The management team blames slow computers as the cause of the project's failure. After all, they're not experts in CS theory, don't need to be, and those who're supposed to be the experts on the topic and could've informed them, didn't.
But they have another project in mind. A simpler one actually. They come the week later and ask say the following:
Ex 2: We have only a few servers and we have programmers who keep submitting programs that, due to unknown reasons, end up in infinite cycles and hogging down the servers. We need you to write a program that will process the code being submitted and detect whether the submitted program will cause an infinite cycle during its run or not, and decide whether the submitted program should be allowed to run on this basis. Can you do it?
Your dear friend accepts the challenge again and goes to work immediately. After several weeks of work, there're no results, your friend is stressed, and doesn't know what to do. Yet another failure... your friend now feels "dumb" for not having been able to solve this "simple problem"... after all, the request itself made it sound simple.

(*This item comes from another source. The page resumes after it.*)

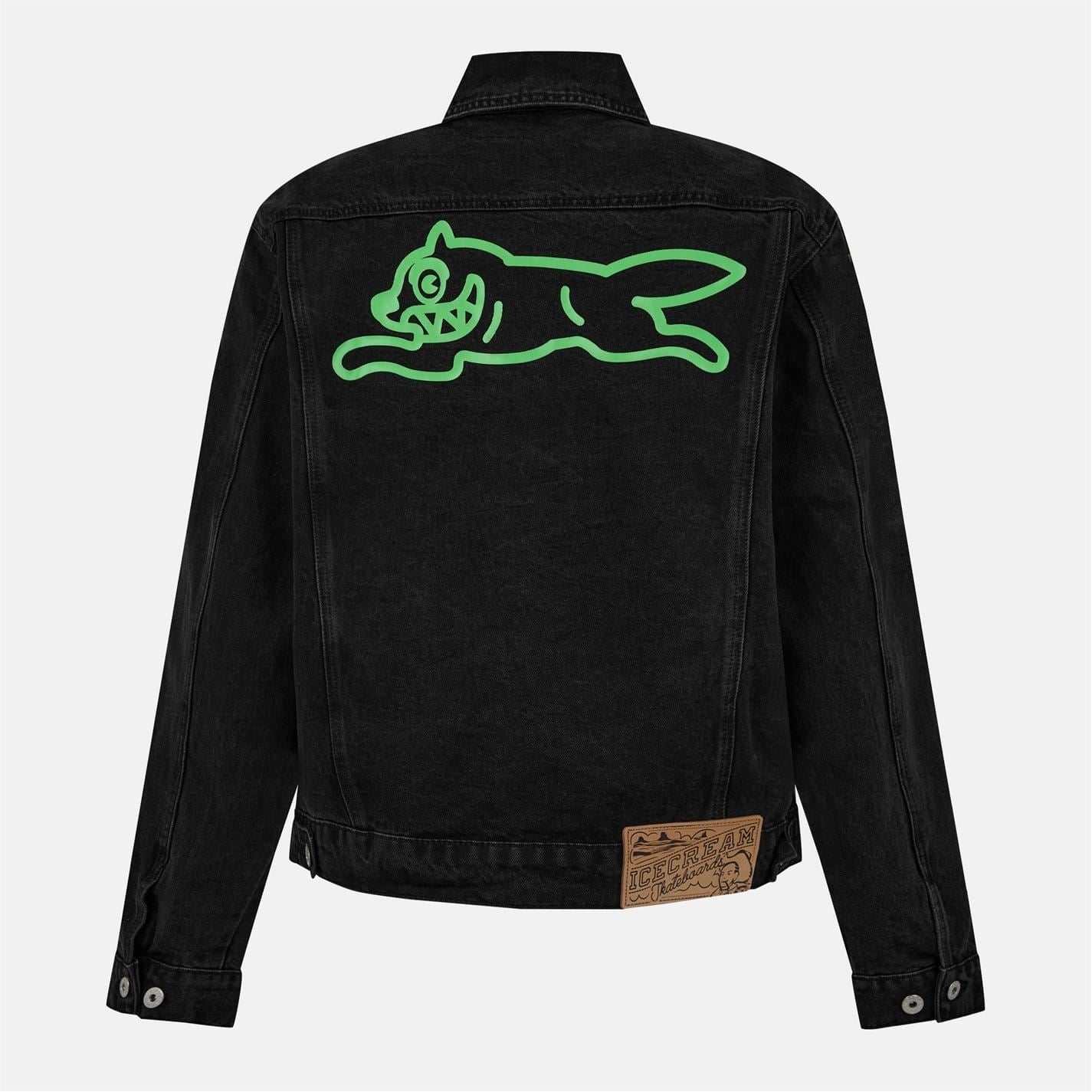 Icecream Runn Dog Graphic Denim Jacket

Unfortunately, your friend, while insisting that "theory is useless" didn't realize that the, allegedly simple, request was actually an intractable problem about decidability (i.e. the halting problem itself), and that there was no known solution for it. It was an impossible task.

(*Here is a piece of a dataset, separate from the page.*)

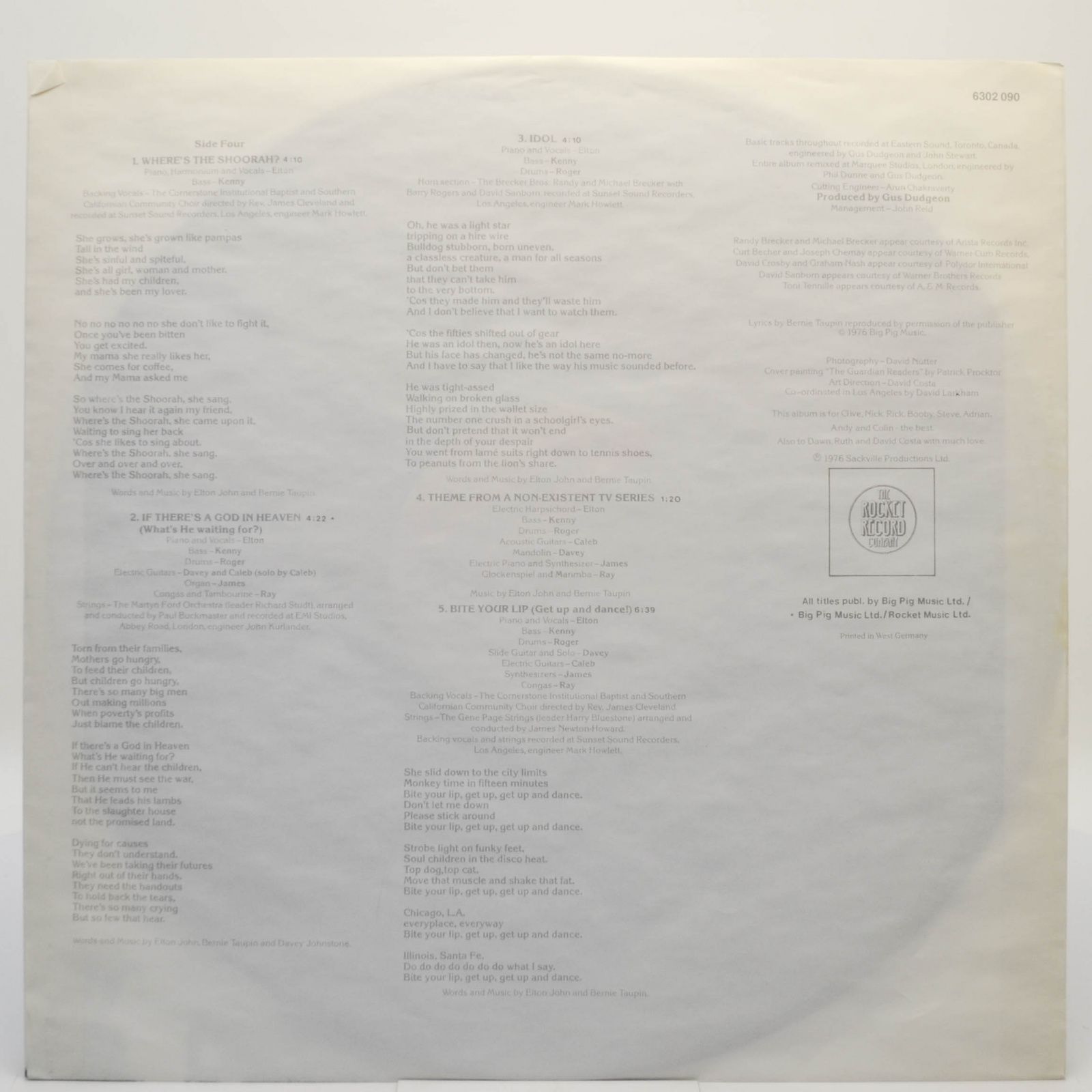 Elton John — Blue Moves (2LP), 1976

Therefore, even starting work to solve that particular problem was an avoidable and preventable mistake. Had the theoretical framework to understand what was being requested been in place, they could've just proposed a different, and achievable, solution... such as implementing a monitoring process that can simply kill -SIGTERM <id> of any user process (as per a list of users) that monopolizes the CPU for some arbitrary/reasonable interval under certain assumptions (e.g. we know every program run should've terminated within 10 minutes, so any instance running for 20+ minutes should be killed).
In conclusion, practice without the theory is like a building without a foundation. Sooner or later, the right amount of pressure from the right angle will make it collapse in on itself. No exceptions.

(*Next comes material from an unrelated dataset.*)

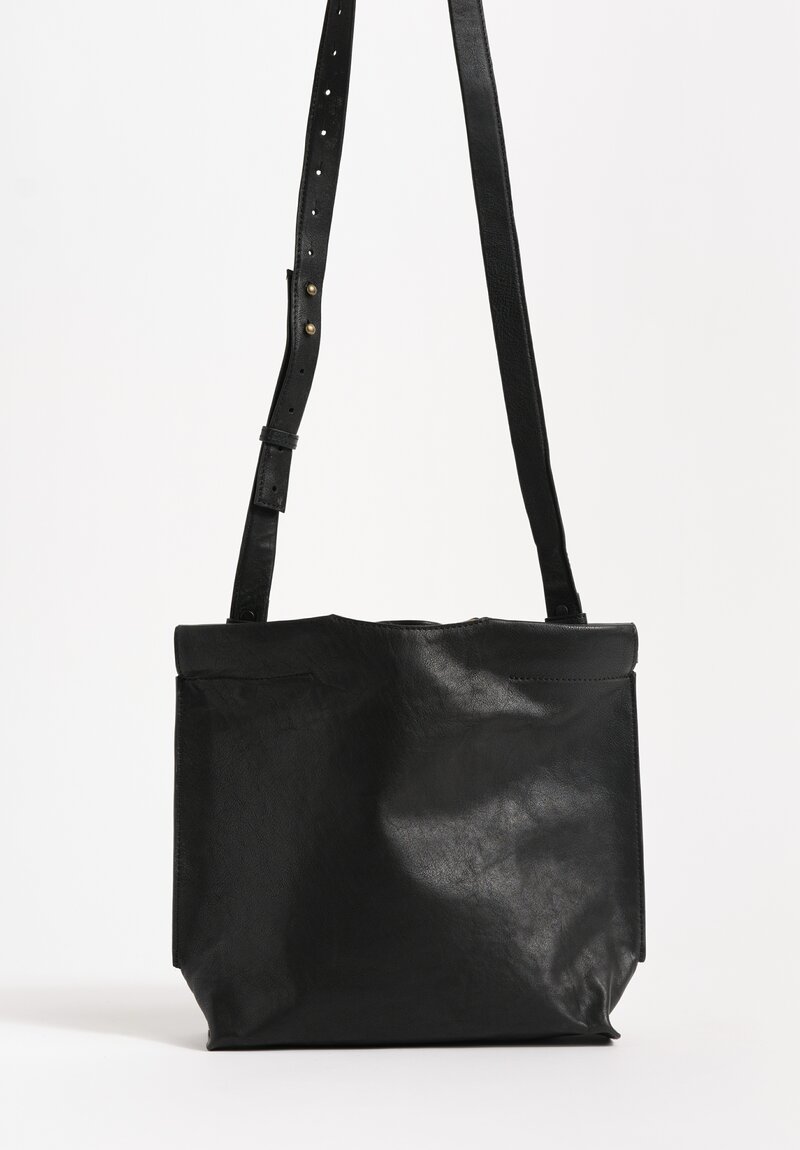 Bea Mombaers Buffalo Leather Small Shopper Bag Licorice Black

Do you ever use it in your day-to-day coding?
Yes, but not directly. Rather, we rely on it indirectly. The caveat here is that different theoretical concepts will be more or less applicable depending on the problem domain you happen to be working on.
Surely, we:
use computers daily, which relies on computational models (e.g. turing machines)
write code, which relies on computability theory (e.g. what's even computable) and lambda calculus (e.g. for programming languages)
rely on color theory and models (e.g. RGB and CMYK color models) for color displays and printing, etc.
Euler's theorems in computer graphics so that matrices can be built to rotate objects about arbitrary axes, and so on...
It's a fact that someone who simply use a plane to travel doesn't need to understand the theory that even allowed planes to be built and fly in the first place... but when someone is expected to build said machines and make them work... can you really expect a good outcome from someone who doesn't understand even the principles of flight?
Was it really a coincidence that, for most of history, no one was able to build a flying machine (and a few even died testing theirs) until the Wright brothers understood certain theoretical concepts about flight and managed to put them into practice?
It's no coincidence. We have a lot of working technology today because the people who built them understood, and applied, the theoretical principles that allowed them to work in the first place.
I guess it depends on which field you go into.